Se trata, pues, de un modelo carente de proyecto de desarrollo nacional que sólo profundiza el atraso y la dependencia económica de nuestro país. Las víctimas de este modelo han sido numerosas; sus beneficiarios, muy pocos (se calcula que 1% del empresariado nacional y, naturalmente, los políticos complicados con ellos). En cambio, los réditos que obtiene esta pequeña élite son gigantescos. 

En 2006 ya eran claras las devastadoras consecuencias de más de dos décadas de neoliberalismo. Ese año, amplios sectores de la sociedad se movilizaron para promover un proyecto alternativo de nación. Para detener esa posibilidad, los beneficiarios del actual modelo se impusieron mediante un fraude electoral. Numerosas voces se alzaron para advertir que, si se cancelaba la posibilidad de un cambio pacífico por vía democrática, un estallido social de grandes proporciones se produciría pronto. El estallido ya se produjo, pero no en la forma esperada. 

Un gobierno que perdió la legitimidad en las urnas está tratando de recobrarla en una publicitada “guerra contra el narcotráfico”. Semejante estrategia, si el objetivo es derrotar al crimen organizado, está condenada al fracaso, porque la delincuencia se compone de dos elementos inseparables: el núcleo armado y la circunstancia socioeconómica que le dio origen. Una estrategia exclusivamente militar y policial nunca resolverá el problema y, por el contrario, ha alimentado  una irrefrenable espiral de violencia que lacera un tejido social ya muy descompuesto. El vacío provocado por la ausencia de un proyecto serio y viable de desarrollo económico y social ha sido colmado por el crimen organizado que, con inagotables recursos y armamento, desafía la autoridad del Estado. Hoy, ese Estado, carente de legitimidad, es incapaz de cumplir con su función más elemental: la de detentar el monopolio de la violencia en su territorio y garantizar la seguridad de sus ciudadanos. Esto, como ya ha ocurrido en nuestro pasado, ha abierto la puerta a la intervención extranjera. Con la aquiescencia del gobierno federal, agentes de cuerpos policiales estadounidenses operan en nuestro país. 

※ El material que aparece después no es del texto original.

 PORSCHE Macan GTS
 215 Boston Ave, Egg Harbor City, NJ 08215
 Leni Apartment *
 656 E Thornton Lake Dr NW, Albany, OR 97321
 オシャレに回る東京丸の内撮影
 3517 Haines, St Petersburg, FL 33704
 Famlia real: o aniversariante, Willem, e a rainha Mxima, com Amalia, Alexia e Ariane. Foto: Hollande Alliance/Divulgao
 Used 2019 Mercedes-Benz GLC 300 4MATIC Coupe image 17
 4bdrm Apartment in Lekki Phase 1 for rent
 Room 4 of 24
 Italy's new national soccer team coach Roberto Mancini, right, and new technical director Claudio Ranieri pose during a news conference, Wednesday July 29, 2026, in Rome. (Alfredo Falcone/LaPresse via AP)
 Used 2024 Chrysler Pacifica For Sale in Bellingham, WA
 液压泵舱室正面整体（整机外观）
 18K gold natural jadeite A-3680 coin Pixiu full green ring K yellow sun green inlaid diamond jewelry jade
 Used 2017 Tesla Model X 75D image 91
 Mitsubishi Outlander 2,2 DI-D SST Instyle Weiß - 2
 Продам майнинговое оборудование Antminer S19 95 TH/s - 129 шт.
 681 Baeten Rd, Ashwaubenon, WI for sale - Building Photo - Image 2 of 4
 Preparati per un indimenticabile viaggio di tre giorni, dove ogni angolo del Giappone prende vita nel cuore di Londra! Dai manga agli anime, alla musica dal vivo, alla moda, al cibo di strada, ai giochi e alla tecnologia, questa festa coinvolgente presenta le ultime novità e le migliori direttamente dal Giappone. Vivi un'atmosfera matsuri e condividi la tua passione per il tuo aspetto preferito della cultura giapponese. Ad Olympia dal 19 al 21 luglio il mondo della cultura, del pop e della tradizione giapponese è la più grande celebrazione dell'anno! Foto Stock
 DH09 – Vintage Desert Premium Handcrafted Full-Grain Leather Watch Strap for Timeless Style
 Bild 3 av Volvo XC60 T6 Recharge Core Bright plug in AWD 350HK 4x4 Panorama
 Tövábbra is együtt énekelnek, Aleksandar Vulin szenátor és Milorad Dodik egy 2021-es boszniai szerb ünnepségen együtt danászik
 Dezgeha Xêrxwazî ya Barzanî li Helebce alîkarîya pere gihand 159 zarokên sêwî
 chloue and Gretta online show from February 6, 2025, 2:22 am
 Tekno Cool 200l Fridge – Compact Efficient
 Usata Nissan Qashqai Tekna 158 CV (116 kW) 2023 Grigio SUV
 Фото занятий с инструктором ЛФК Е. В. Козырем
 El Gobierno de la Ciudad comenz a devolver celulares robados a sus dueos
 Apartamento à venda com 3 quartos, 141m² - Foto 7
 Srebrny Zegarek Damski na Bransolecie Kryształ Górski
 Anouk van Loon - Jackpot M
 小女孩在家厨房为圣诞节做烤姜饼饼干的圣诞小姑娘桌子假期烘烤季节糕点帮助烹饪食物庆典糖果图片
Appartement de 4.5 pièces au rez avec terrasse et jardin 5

No puede exagerarse la gravedad de la situación imperante. México se ha convertido en un país en el que, en muchas ciudades, ya no se puede salir de noche, recorrer ciertos barrios, trasladarse al trabajo, circular por las carreteras, en fin, vivir en paz. El país se cae a pedazos. Aunque el paralelismo pueda ser exagerado, el actual escenario de ingobernabilidad, fragmentación, inseguridad y vulnerabilidad frente a poderes extranjeros recuerda momentos difíciles de nuestra historia patria, como los que siguieron a la invasión estadounidense de 1847, la Guerra de Reforma, la intervención francesa o la Revolución mexicana, cuando en un contexto de postración económica provocada por los conflictos bélicos, antisociales de todo tipo (y, especialmente, los soldados desmovilizados de los ejércitos de todos los bandos, que no conocían ya otra profesión que la violencia), vagaban por el país robando, secuestrando y asesinando. Hacer frente a esos problemas naturalmente exigió tomar medidas decididas de fuerza contra los criminales, pero su superación definitiva sólo fue posible gracias a que los gobiernos de la Reforma, la República Restaurada y la posrevolución llevaron adelante proyectos transformadores en lo político, económico y social. Así, para salir de este abismo, en 2012 debemos deshacernos no sólo de Felipe Calderón y del PAN , sino del modelo económico neoliberal.